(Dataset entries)

---

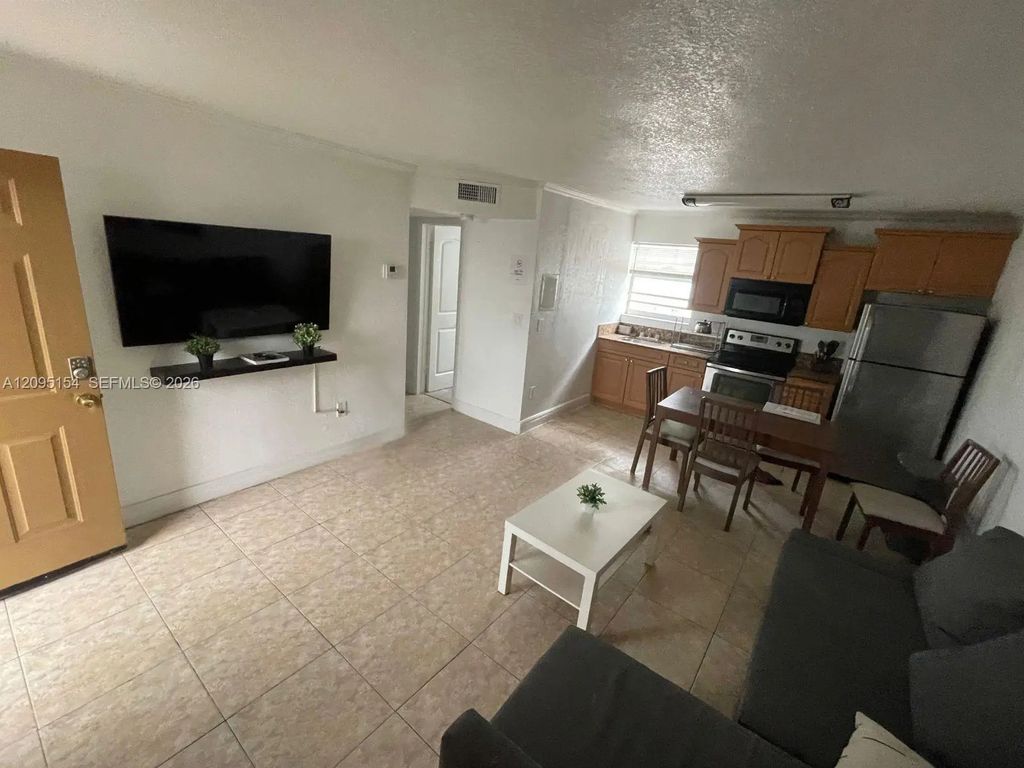 427 Sw 6th Street #2, Miami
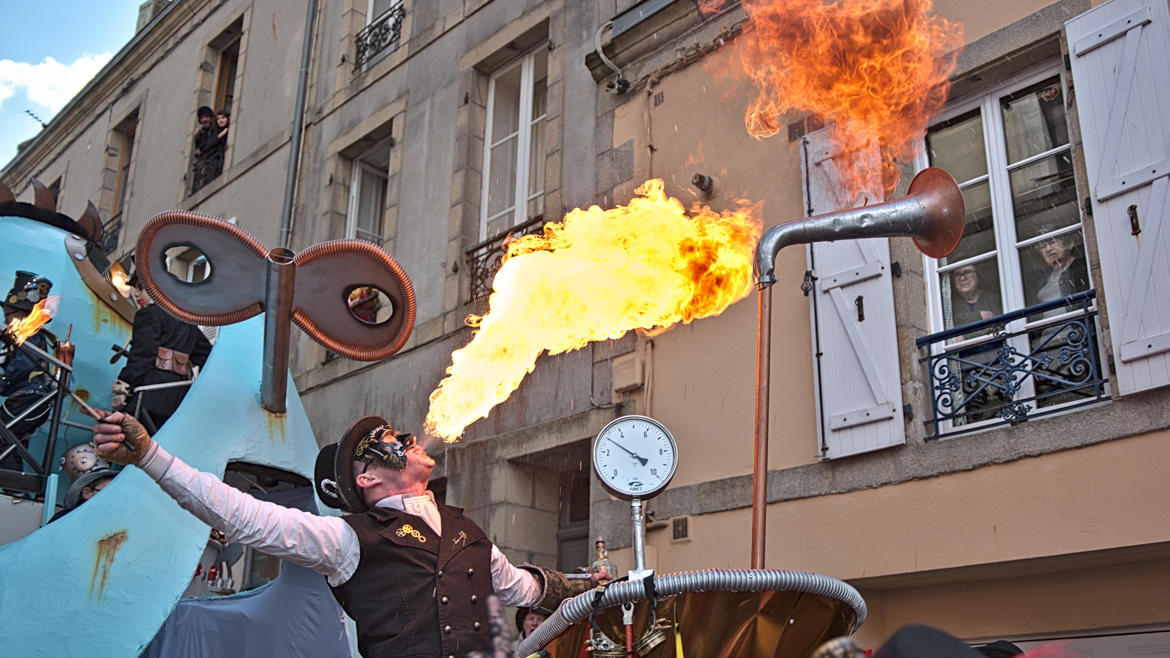 Des voyoux dans la rue ! O, ma Doue ! Ma Doue...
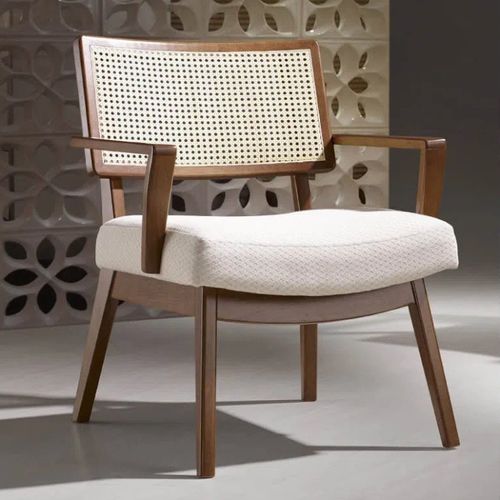Poltrona Charmy Estofada em Tecido e Madeira Tauari Pinhão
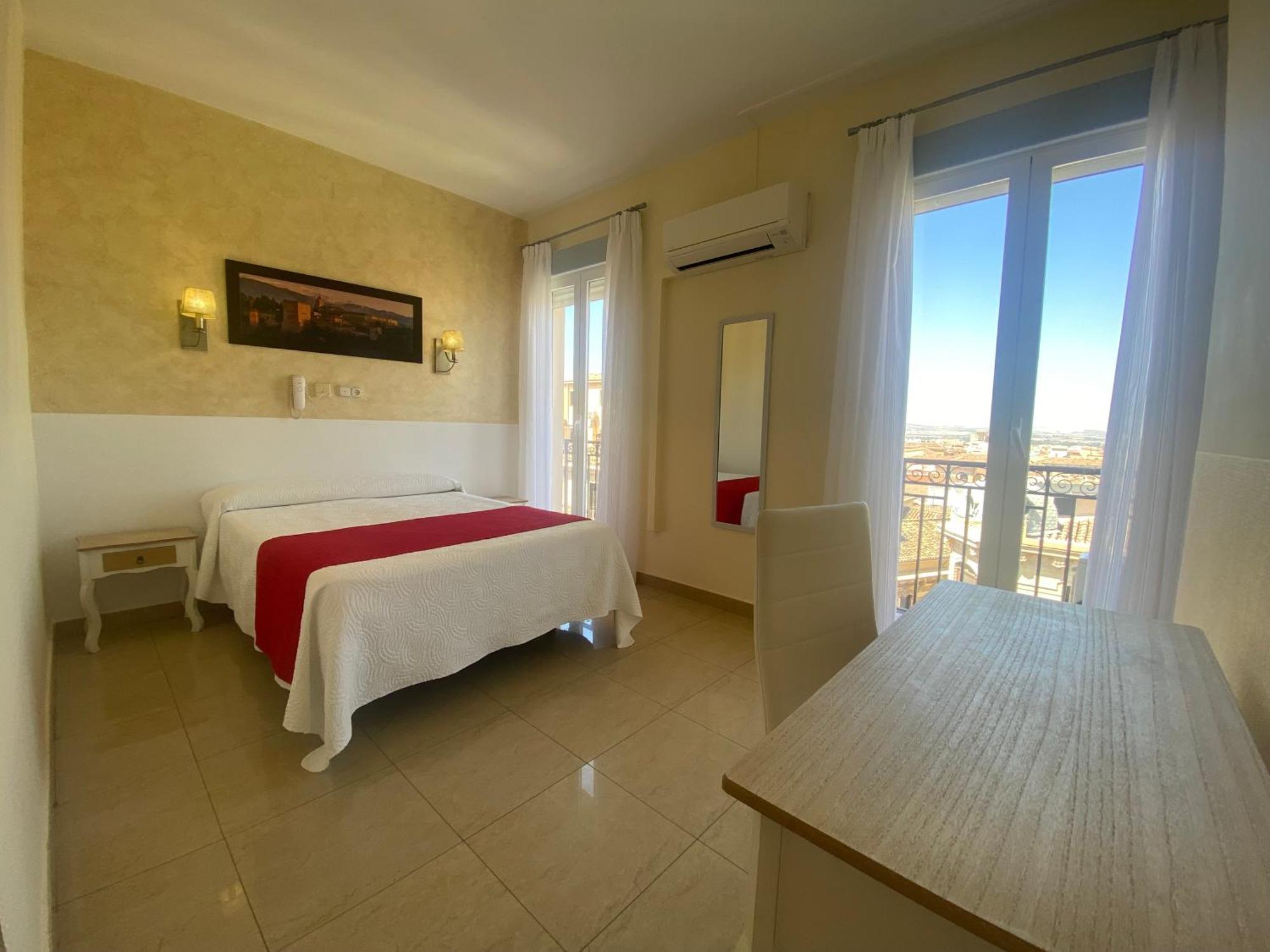 Hostal Sonia Granada Bagian luar foto
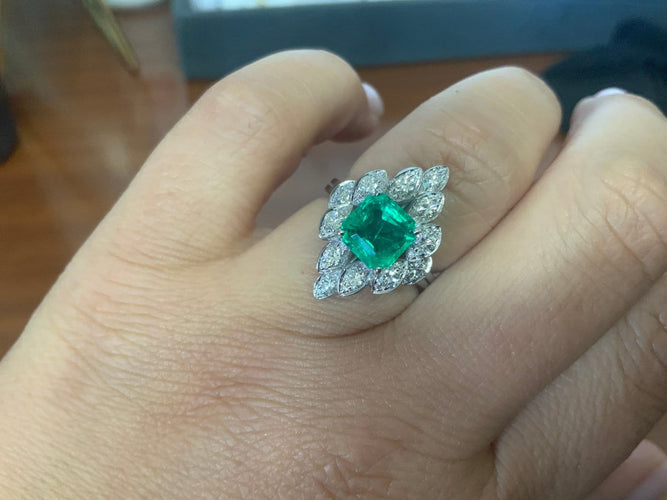 Bague 54 Bague colombienne en or blanc, émeraude et diamants 58 Facettes BA 457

---

Directions: Return exactly the lines from the one with "Poltrona Charmy Estofada" through the last line of the entries above, both ends included. No pictures may appear in the copy.

Exercise result:
Poltrona Charmy Estofada em Tecido e Madeira Tauari Pinhão
 Hostal Sonia Granada Bagian luar foto
 Bague 54 Bague colombienne en or blanc, émeraude et diamants 58 Facettes BA 457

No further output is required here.